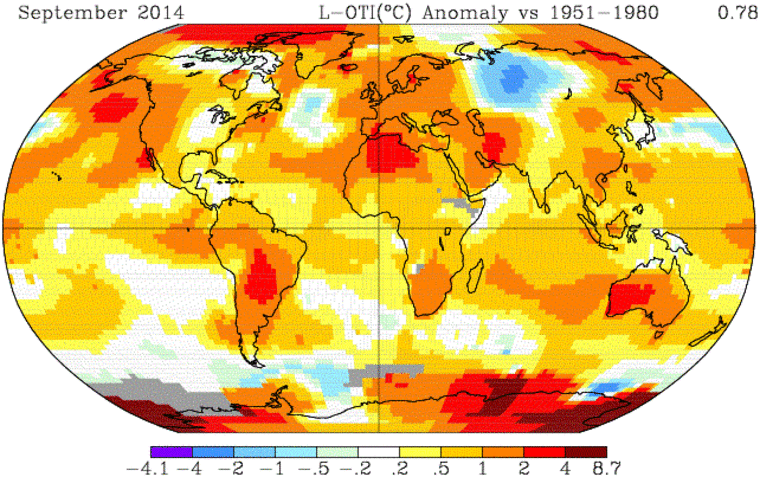 Image: Temperatures for September from NASA's GLOBAL Land-Ocean Temperature Index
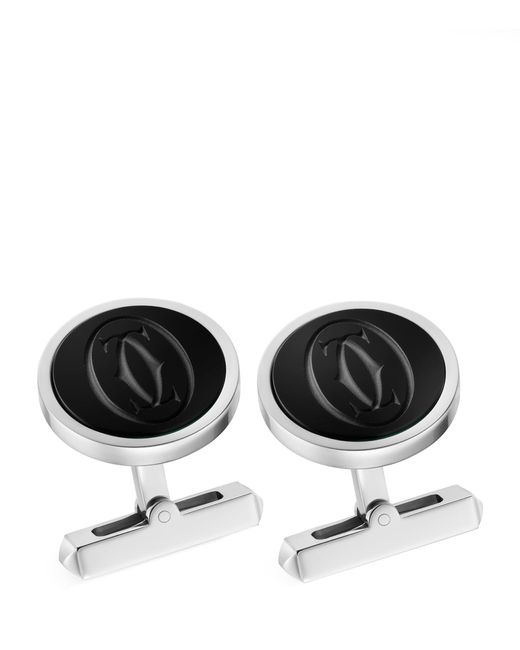 Cartier Black Sterling Silver And Onyx Double C De Cufflinks for men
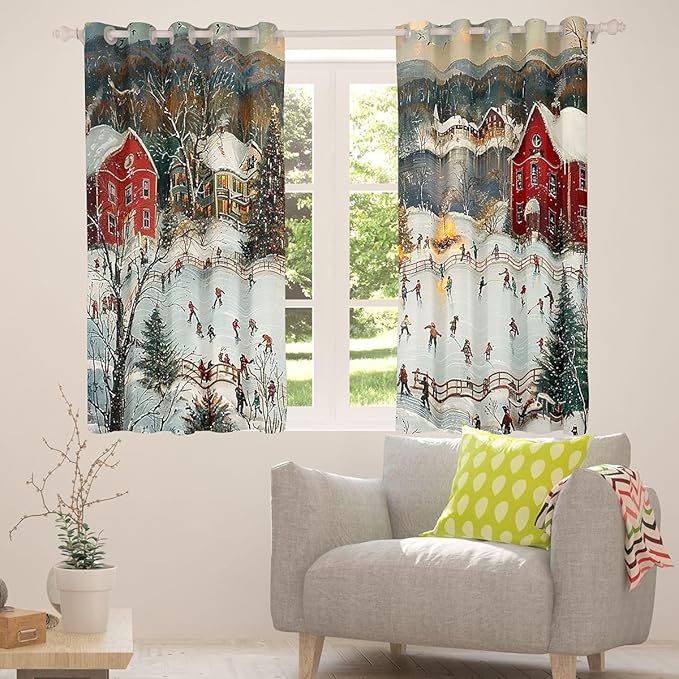 Manfei Skating Blackout Curtains,Winter Sport Game Ice-Skating Window Drapes,Ice Skate Pine Snow Natural Nursery Bedroom Playroom Decor,Green 2 Panels,42Wx63L inch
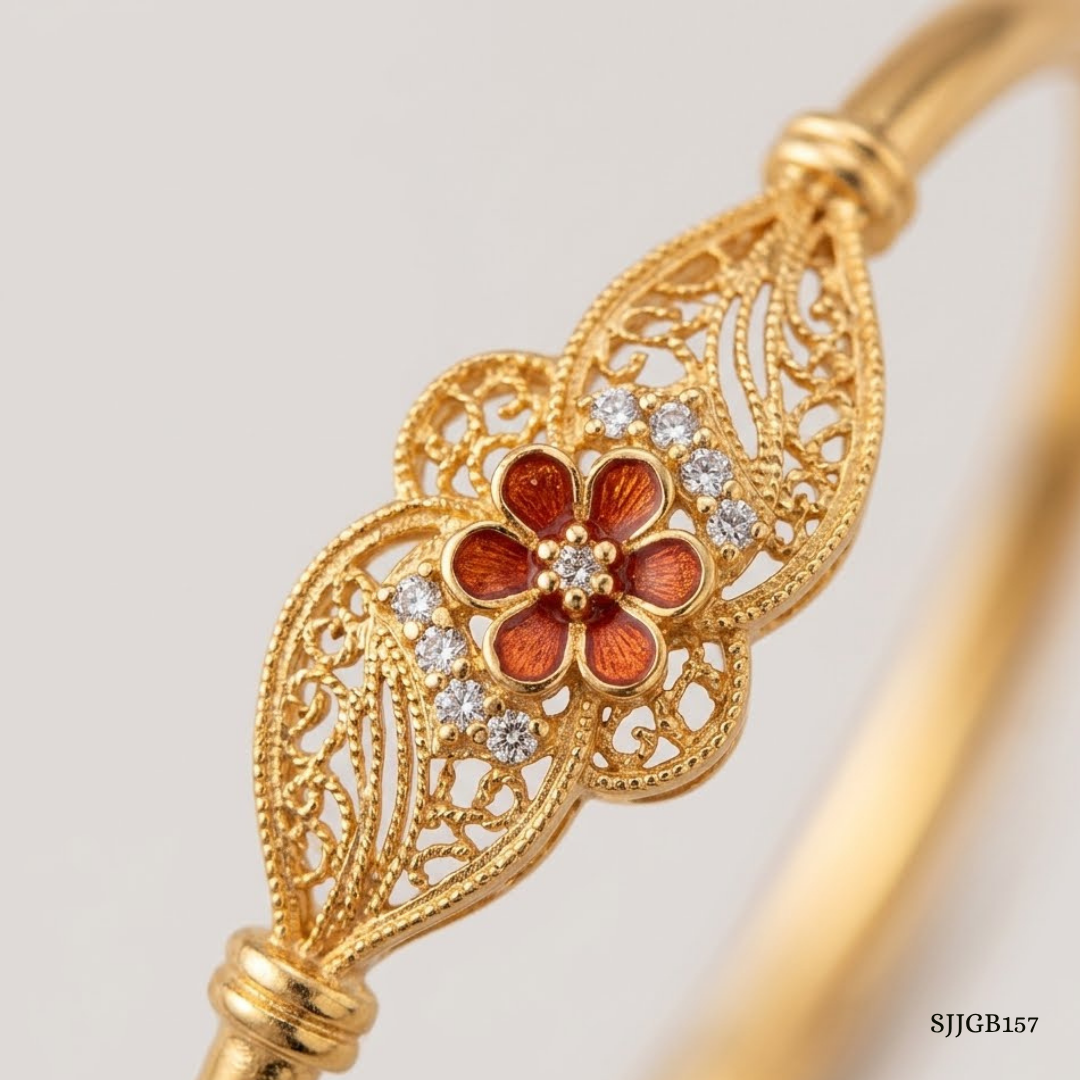 SJJGB157 | Floral Enchantment Designer Gold Bangle with Elegant Detailing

**EXERCISE DETAILS**
Return the full listing exactly as it appears above, without its pictures.

**OUTPUT FOR THIS EXERCISE**
 Image: Temperatures for September from NASA's GLOBAL Land-Ocean Temperature Index
 Cartier Black Sterling Silver And Onyx Double C De Cufflinks for men
 Manfei Skating Blackout Curtains,Winter Sport Game Ice-Skating Window Drapes,Ice Skate Pine Snow Natural Nursery Bedroom Playroom Decor,Green 2 Panels,42Wx63L inch
 SJJGB157 | Floral Enchantment Designer Gold Bangle with Elegant Detailing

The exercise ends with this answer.